The 1983 Braves are really the first specific baseball team we remember. We were 6 years old during that season, and our tiny black-and-white TV at home in Grand Forks (this is not a joke -- we did not have a color TV until, we believe, 1986) was equipped with roughly 12 channels -- one of them being The Superstation, known primarily these days as TBS, which showed pretty much every Braves game.

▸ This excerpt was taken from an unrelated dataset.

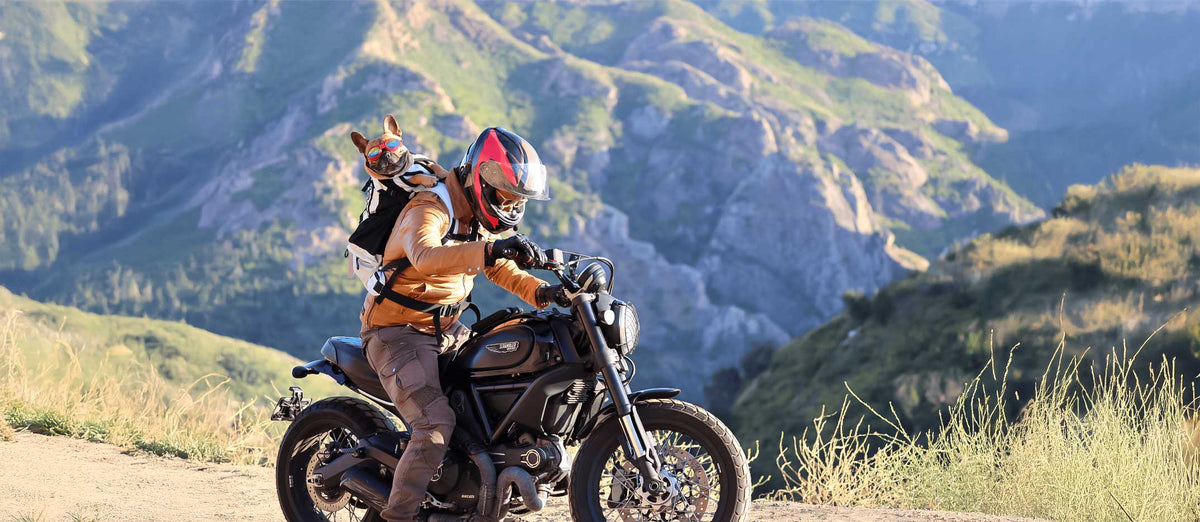 French Bulldog riding a motorcycle, used as the visual for the K9 Sport Sack sizing quiz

We like to think of this era as the time Before We Knew Too Much. This works on multiple levels. We were young, so the things that happened to ballplayers outside the lines of play did not register. So we, as a kid, did not know too much. On the field, there were scouting reports and other such competitive mechanisms. But there weren't such advanced metrics, made possible and easy by the digital age. Baseball was still ruled by conventional wisdom and varying levels of machismo between the pitcher and hitter. And also, seeing as how this was nearly 30 years ago, the masses didn't have access to all this information, either. If you wanted to hear the Dodgers score, you waited. If you wanted to call Jeffrey Leonard a no-good hot dogging [redacted], you said it to the guy at the bar or the guy at work ... or you said it into your hat. You did not say it on Twitter, where theoretically countless millions of people could either agree or disagree instantly.

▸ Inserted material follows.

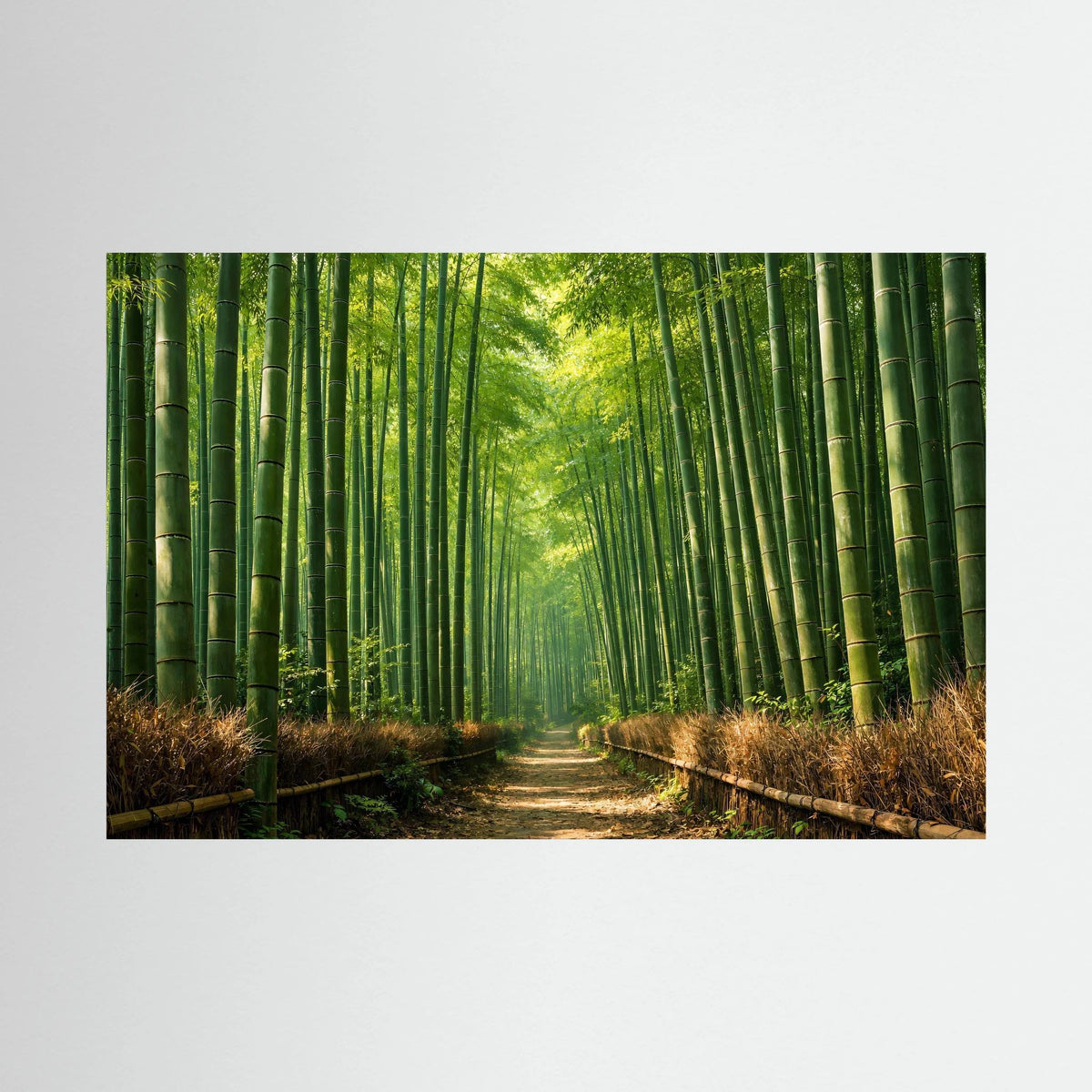 Wandbild im Querformat mit Bambuswald und Weg im Grün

We had no idea what OPS was, but we sure loved the 1983 Braves. Looking back on it now, they were a stat guy's dream (and we were totally into stats back then, even if it wasn't cool. In our great nerd-hood, we would organize all of our baseball cards by team and then add up all the stats of all the players. We will not tell you the approximate year in which this stopped). Look at those on base percentages! We remember Bruce Benedict as a light-hitting catcher with a good glove, but the guy had 61 walks and just 24 K's that year! Dale Murphy, our favorite player of all-time, scored 131 runs!

If anything let them down (outside of Bob Horner's injury) -- after winning the division the year before, they fell a few games short in 1983 -- it was the pitching. But if there is one truth about the pitching, it is this: Pascual Perez was not to blame. While Craig McMurtry was a pleasant surprise as a 15-game winning rookie (a season that proved to be his career highlight), Perez was the staff anchor. Those numbers -- 15-8, 3.43 ERA, 51 walks, 144 K's -- are rock solid. But the best part about Perez: he was wacky. He used to try to pick off runners by stepping off the rubber, bending over and throwing between his legs if they weren't getting back to the base. He did all sorts of other memorable stuff.

He was particularly noted for his crazy baseball card pictures. The one we showed you above is actually pretty tame, but it does have one real peculiarity: it says "Twins" on the glove. It's an error card, of course -- an oversight made three decades ago, no doubt by an overworked Donruss proofreader.

And now? Well, now we know way too much. We know Perez was suspended multiple times during his MLB career for drug use. And we know he was killed this week in the Dominican Republic, at his home, in a terrible act of violence.

It's times like this that make you long for the time when controversy meant Glenn Hubbard's Fleer snake card -- the time Before We Knew Too Much.